I used to wonder when it was my turn to have the life I wanted. This was more than a question, it was more like a constant burden. At no point did I activate any of my ideas or allow myself the motion to put my plans into action.

There are people who I have met that wish for more; but yet, they stay as they are. They honor their excuses over their passions. They hold their insecurities tighter than their desires and one by one, they watch their dreams crumble like wasted paper.
This was me.

There is a word we use and we use this word often.
This is a simple one too.
The word is “When.”

When, as in what time will something happen.
Everything we do is circled around that word.

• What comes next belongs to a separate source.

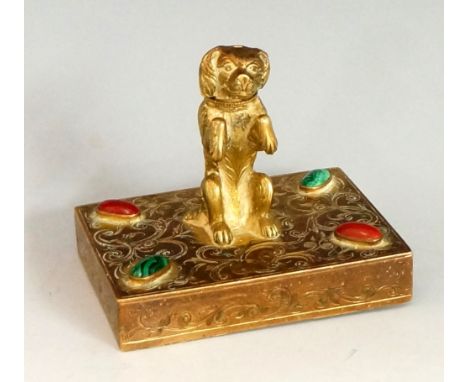 A Victorian desk stand inkwell the rectangular base foliate engraved with malachite and blood stone cabochons to the corners 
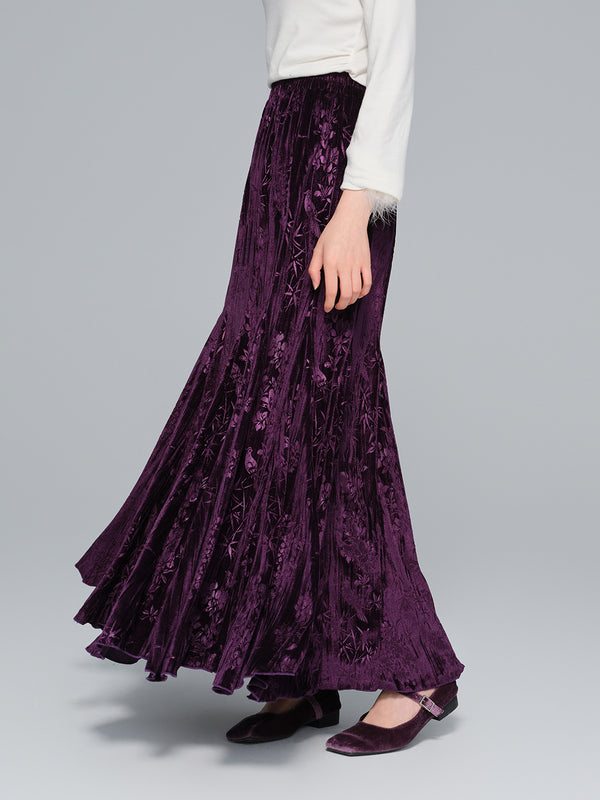 Retro Velvet Pleated Skirt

When are we gonna do something differently?
Or when is something different going to happen?

And there’s that inner voice we hear too.
When is it gonna be my turn?
When am I gonna get a break?

Or —

When does life get better?
When will I stop doing the same things and expect different results?
Or better yet, when am I going to stop asking myself the same questions?


Life changes the minute we stop waiting for things to happen. At all points, we are always the square root to our own equation. There are only so many things that we can control. We cannot control outcomes. We cannot control who goes or stays. We can’t control the weather or the world as it turns. At this point, all we can do here on Project Earth is contribute to our efforts. Everything else is non negotiable. However, efforts create changes.  

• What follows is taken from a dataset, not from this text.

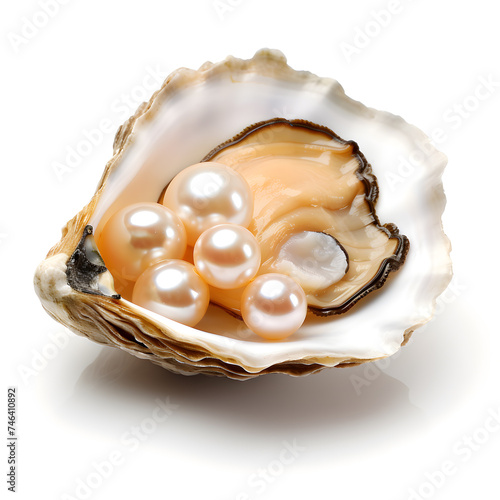 Oyster with pearl isolated on white background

Rather than depend upon the unbalanced force, we empower ourselves to be the change.
We can ask ourselves, “Is this what we want?”
If the answer is no, then we have the right to improve.
This way, if we encounter an unbalanced force, at least now we can accept the laws of inertia and move in a better direction than if we were left unprepared (or beaten).

Rather than existing, the goal is “Living.”
This is when our “When” moments become “Now.”

In my case, I had to stop the excuse machine. I had to put away the old patterns of thinking and let go of my old self. There was no point holding onto my doubts. I had to give myself the permission to try. Above all, I earned the right to succeed or fail. I earned the right to try, which is why I am here now, reaching out to you.

I came to supplication with myself. I decided that I never wanted to be on the weak side of a statistic. I never wanted to be something that did not empower me or urge me to improve.
I chose to change and yes, there were challenges.
But I earned what I have. I earned the right to improve, to better myself; but more, I earned the right to act “Now” instead of depending on “When.” Fail or succeed, I am no longer at the mercy of a life that’s left in a waiting room.

It’s amazing to me. A friend of mine asked me what my biggest setback was when I started this journey. I laughed about a critic who slammed me in a review. This was years ago and I can still see the wording in my head as I read this from a computer screen. I was crushed.
“So, what’d you do,” asked my friend.

“I kept writing,” I said.
“Because nothing else was in my control.”